“Lost Modernists” is a double-faceted phrase. First, it broadly refers to writers from the Modernist period of literature that have since fallen from the literary canon, making them contemporarily “lost.” Second, the term concurrently alludes to specific Modernist writers ascribed to comprising the Lost Generation. “Lost Generation” became a term after Gertrude Stein supposedly overheard a mechanic say, “You are all a lost generation.” Ernest Hemingway immortalized these words in an epigraph found in The Sun Also Rises. Lost Generation literature envelops a category of artists that lived through and wrote during and/or after World War I. Some of these individuals — such as Sylvia Beach, F. Scott Fitzgerald, and Gertrude Stein — were American expatriates residing in Paris during the 1920s and 1930s. Lost Generation writers are rendered “lost” due to the widespread cultural, emotional, and psychological impacts of World War I. Despite any disdain for the phrase, which Hemingway had, writers from this time period that collected their sentiments and sculpted them into writing are considered to be a part of the Lost Generation.
Due to the various connotations of “Lost Modernists,” future posts will focus on both Modernist writers who are less-known in today’s literature and culture, and also authors that specifically fall under the categorization of being a Lost Generation writer. The primary focal point of this website is to provide the public with information about these writers in the form of book synopses, biographies, interviews, supplementary information and resources, and generalized insight. Additionally, looking at not-so-popular texts by more well-known writers, here, serves to exhume and revive works that rarely receive attention in the 21st century. Focusing on genres that certain Modernist writers are not commonly associated with is another point of interest.
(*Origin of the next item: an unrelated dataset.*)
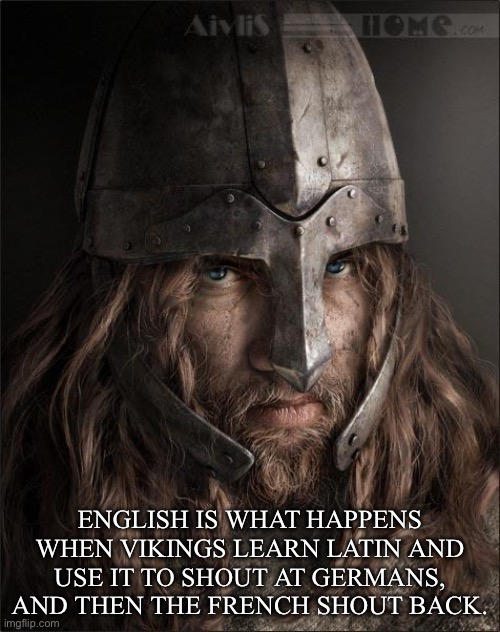 History of the English Language | ENGLISH IS WHAT HAPPENS WHEN VIKINGS LEARN LATIN AND USE IT TO SHOUT AT GERMANS, AND THEN THE FRENCH SHOUT BACK. | image tagged in viking,history,english,latin,french | made w/ Imgflip meme maker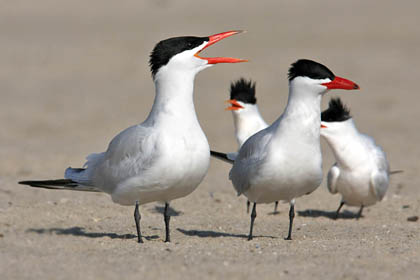 Caspian Tern Picture @ Kiwifoto.com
For example, we seldom read or learn about Hemingway’s satire The Torrents of Spring, Thomas Wolfe’s short stories, or William Faulkner’s poetry.
Under the “Blog” dropdown on this website, you have the ability to explore several webpages of writings. The first option is “Lost Modernists,” which contains a broad array information about “Lost Modernist” writers and books. The second option is “Mini Authorial Profiles,” where you can read abbreviated write-ups about various writers. The third option is “Rare Books.” This tab enables you to peruse various pieces in my private collection of Modernist literature. The fourth option, “Interviews,” holds transcribed interviews with professors, fellow book collectors, bookstore personnel, literary enthusiasts, literature students, and more. Lastly, “Quotes” contains an amalgamation of an amalgamation of quotes by “Lost Modernist” writers that can be found in their novels, interviews, articles, poems, etc.
Even though this website is in its early stages, it will ideally become a place for writers — lost and found — to be recognized. Further, it will provide visitors with a plethora of information to satiate the palates of those seeking content about writers who have shaped, contorted, and influenced our conceptualizations of a novel’s style and substance. (That being said, Modernist writers that fall outside the parameters of being a “Lost Modernist” may be featured from time to time.) Interviews and works spotlighted from the aforementioned collection will also illuminate Modernist culture, zeitgeist, and literary preferences that may be the same in today’s world or not. Signed, first editions of works by James Joyce, Sylvia Beach, William Faulkner, John Steinbeck, Djuna Barnes, Sherwood Anderson, Thomas Wolfe, T.S. Eliot, and Ernest Hemingway are some writers complement the rare book collection of “Lost Modernist” fiction.